Recently I have implemented a small piece of functionality, which is suitable to be a small challenge.
Description
Given a string with opening and closing tags (e.g., <mark></mark>
), return a string without tags and indices of opening and closing tags.
For example, given a string: "we eat <mark>healthy</mark> and <mark>tasty</mark> food."
We expect to receive a string: "we eat healthy and tasty food."
, and an array with pairs of indices: [[7, 14], [19, 24]]

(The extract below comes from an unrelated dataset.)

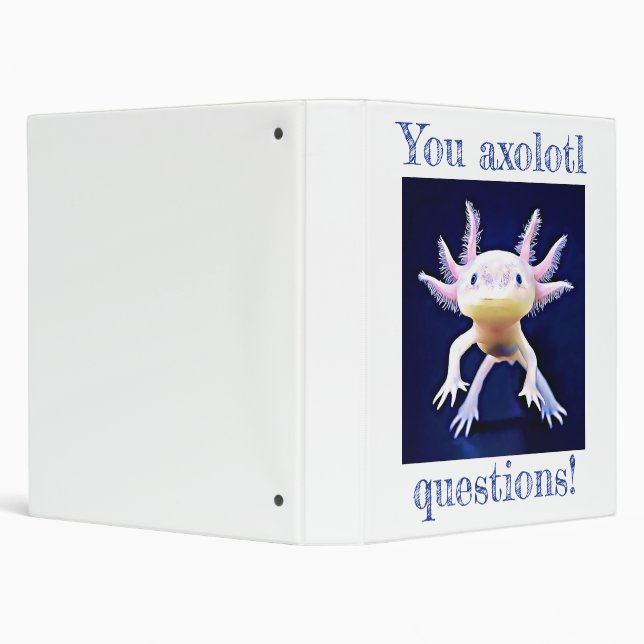 Axolotl Salamander Amphibian Three Ring Binder (Background)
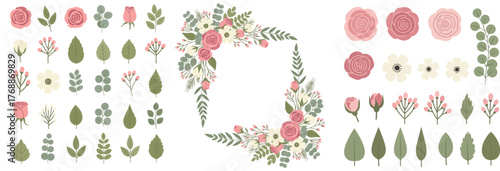 Floral design kit with pink roses, anemones, and eucalyptus. Vector collection of botanical elements and corner arrangements for wedding invitation design.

. There are two pairs of indices, because there were two pairs of <mark></mark>
tags.
Ruby
First, I tried to solve this problem imperative way, which did not work very well. Solving the problem with recursion was easier:
def remove_tag(str)
str.sub(/<(\/?)mark>/, '')
end
def compute_text_with_indices(str, indices = [])
if /<(\/?)mark>/.match(str) == nil
{text: str, indices: indices.each_slice(2).to_a}
else
indices << /<(\/?)mark>/.match(str).begin(0)
compute_text_with_indices(remove_tag(str), indices)
end
end
The trick here is to compute position of each subsequent tag after the previous one has been removed. It is needed to account for the shifting of the marked part of the string after removal of tags.
Ruby provides a convenient method to retrieve index of the _n_th match - begin(n)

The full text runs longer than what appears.